Freshwater is a 2018 autobiographical fiction novel by Nigerian writer Akwaeke Emezi. Emezi's debut novel, it tells the story of Ada, a girl with multiple ogbanje dwelling inside her. A TV series based on the novel is under development by FX.

Plot

Freshwater tells the semi-autobiographical story of the protagonist, Ada, a Nigerian student in her final year of college who finds out that she has three spirits living in her subconscious. They eventually take control of her, threatening to ruin her life and sanity. 

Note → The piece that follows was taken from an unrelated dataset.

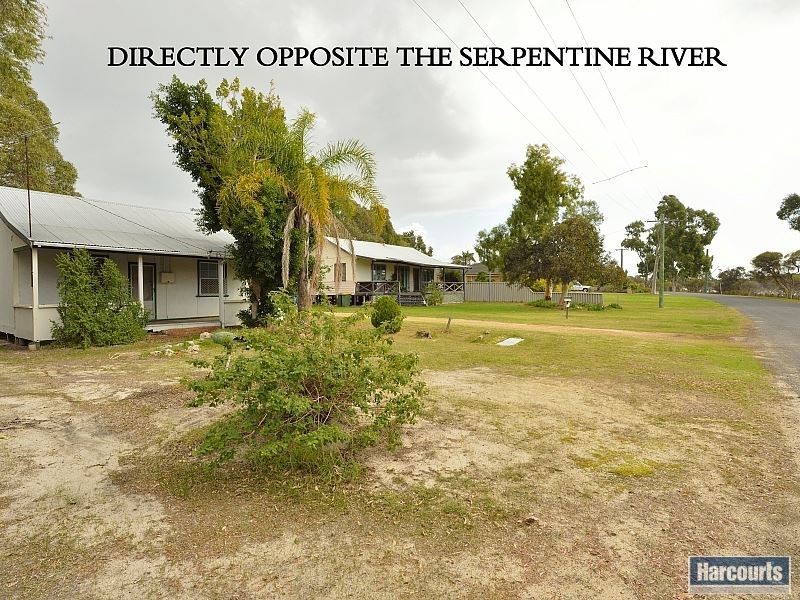 53 Bertram Street, Coodanup WA 6210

Emezi explores their Igbo heritage's views on spirituality and gender roles alongside those of Western construction and invites their audience to think critically about this spirit/body binary.

Reception

The New Yorker called Freshwater "a startling début novel"; The Guardian called it "a remarkable debut"; and the LA Times called it "dazzling". Freshwater was longlisted for numerous significant awards. Freshwater was a New York Times Notable Book, was named a Best Book of the Year by the New Yorker and NPR. Emezi is also recognized as a 2018 National Book Foundation "5 Under 35" honoree.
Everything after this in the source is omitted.